Beautiful piece of work. This bit jumped out at me:

"First problem: I don’t have a 16-bit code segment! Second: I don’t have a way to generate 16-bit code with GCC."

I had that exact same problem writing a loader for a now defunct OS and for years I kept a copy of Borland C++ handy so that I could compile a 16 bit trimmed down version of the filesystem that would load the rest of the OS before jumping into 32 bit mode. The tricky bit was that the loader had to interact with the BIOS in 16 bit mode and I could not find a way to cleanly jump back to 16 bit mode from 32 bit mode once I got there, so multiple transitions of that 16 to 32 bit boundary were out.

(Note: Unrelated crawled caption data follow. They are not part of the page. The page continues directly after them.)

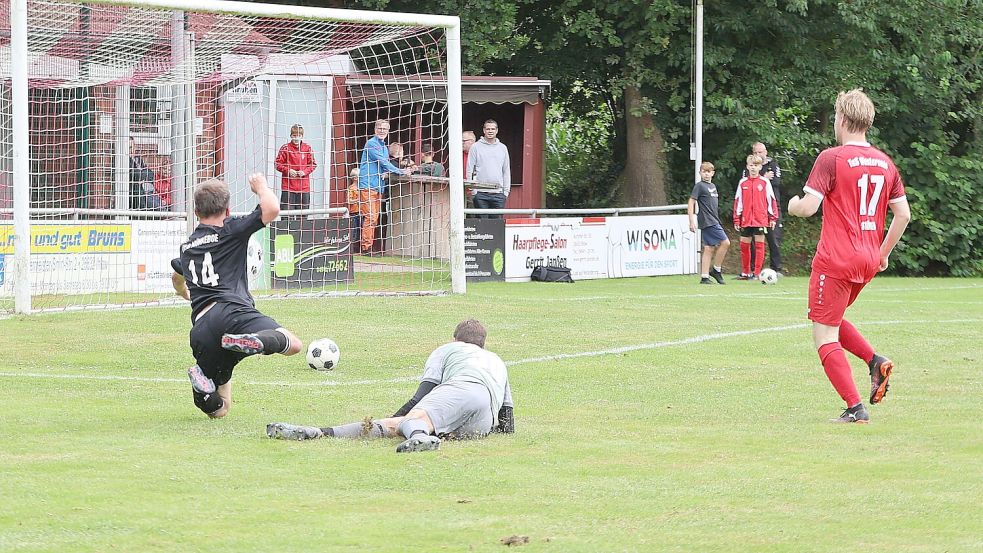 Manuel Jacobi erzielt für den VfB Münkeboe das 2:0 in Westerende. Foto: Wilfried Gronewold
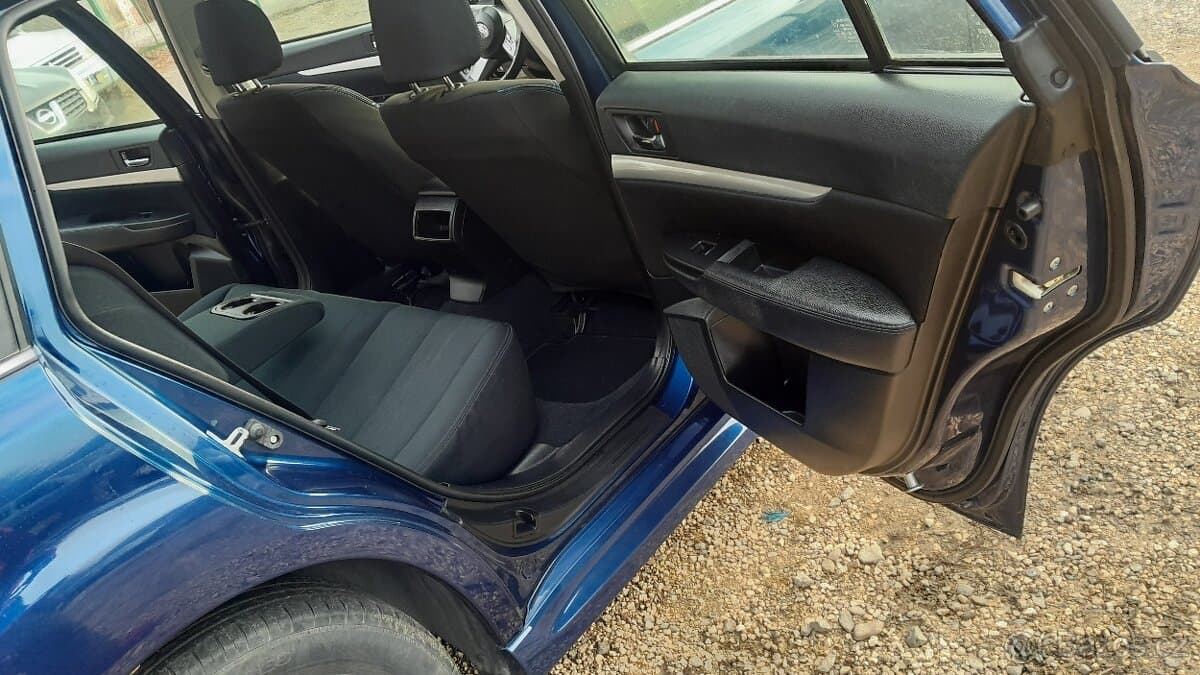 2010 Subaru LEGACY - 15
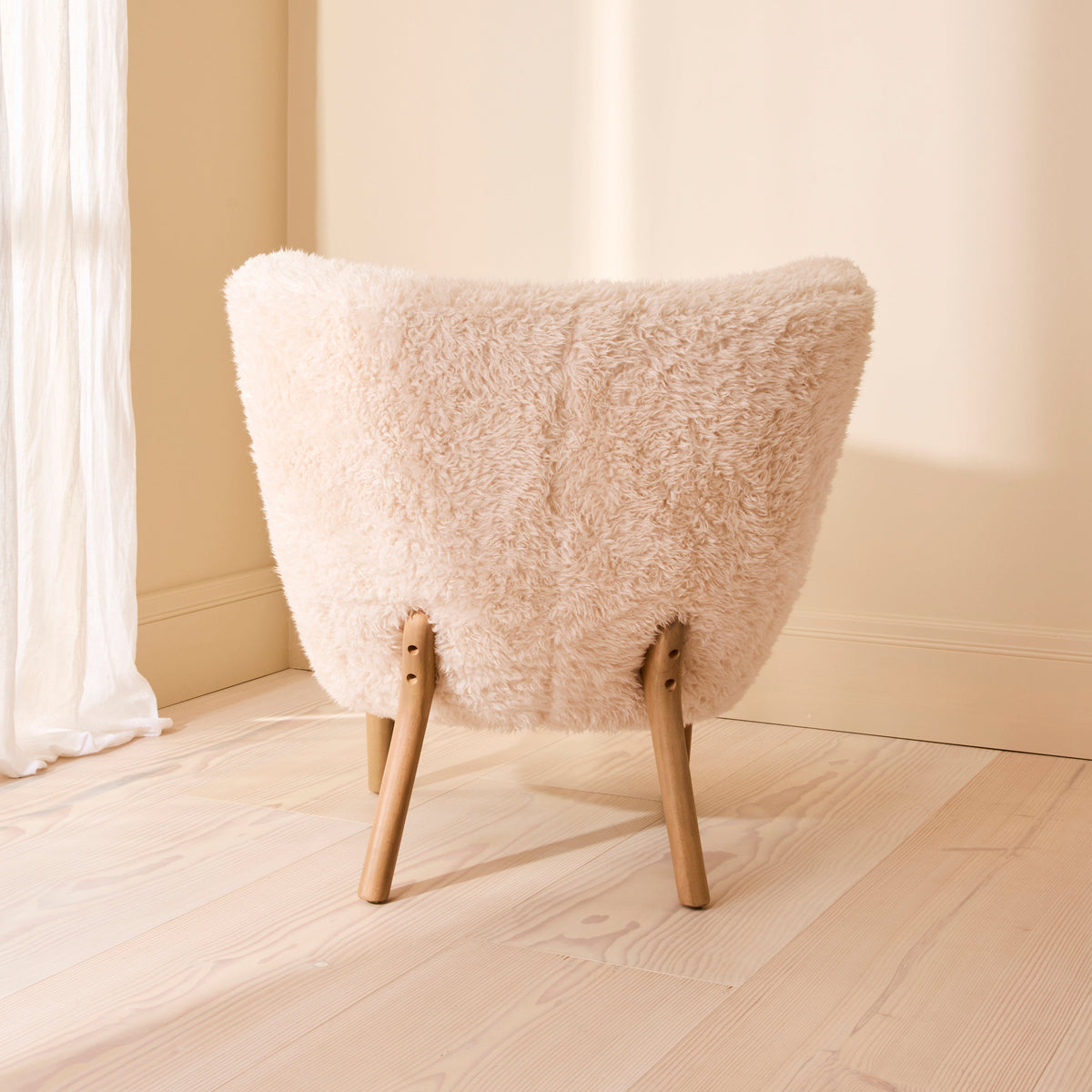 Chester - Fur Accent Chair Cream & Warm Wood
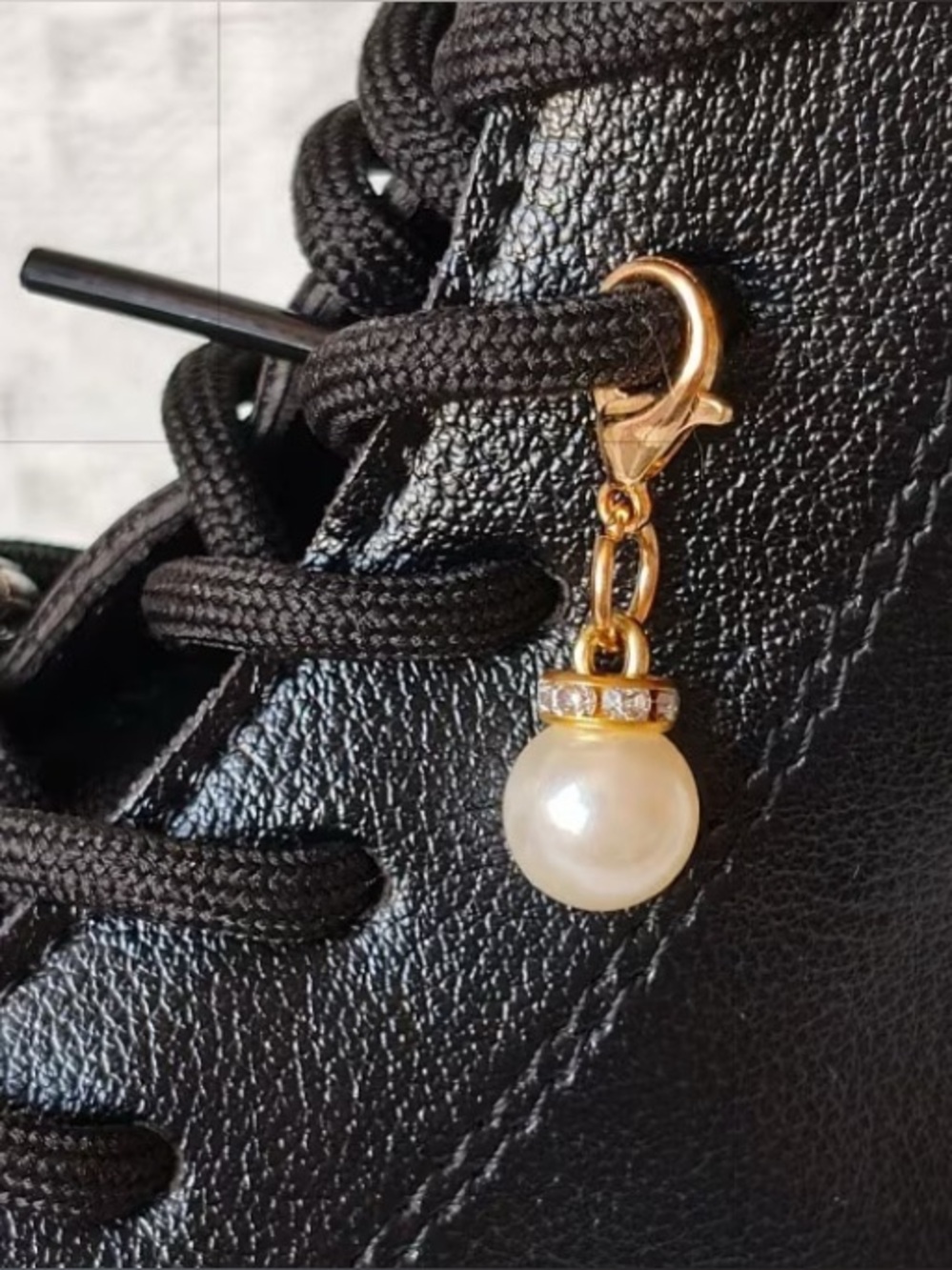 Gold Pearl Dangle Charm - White Pearl new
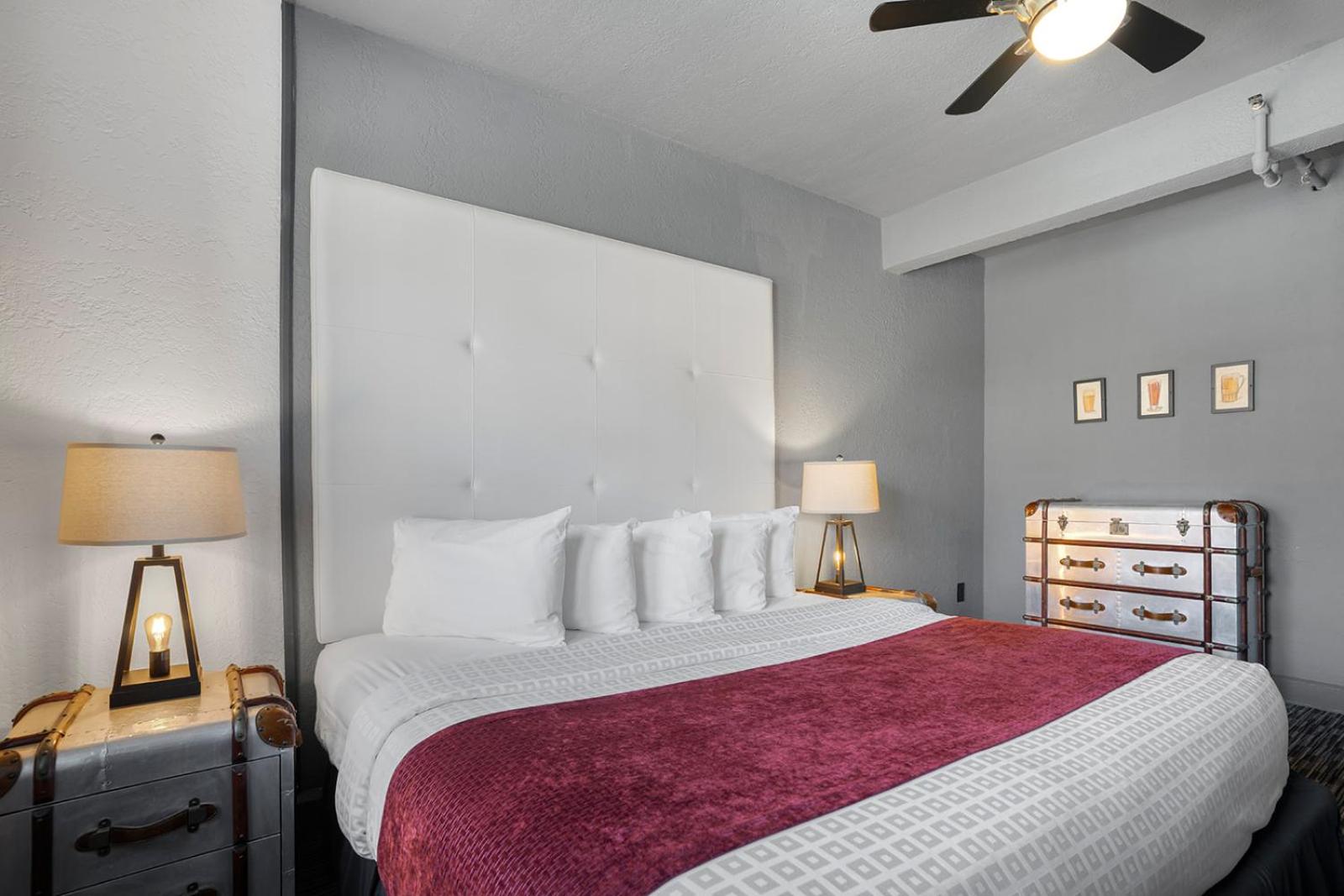Deluxe King Room photo 3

So instead I cut out everything from the filesystem code that had to do with writing and updating things just to read a couple of files, place them in memory, flip to 32 bit and then jump to the equivalent of 'init'.

The x86 compilers of old had a whole pile of 'models' that you could write for, all with different sizes of code and data segment limits.

DJ Delorie's excellent GCC to DOS port (DJGPP) was another very important tool in that whole process.

Also beautiful how web.archive.org provided one of the key bits of information, I suspect that in the longer term it will be as important as WikiPedia.

There is also crossplatform and still actively developed OpenWatcom [1], which can generate code for DOS and runs from all mainstream operating systems.

[1] https://github.com/open-watcom/open-watcom-v2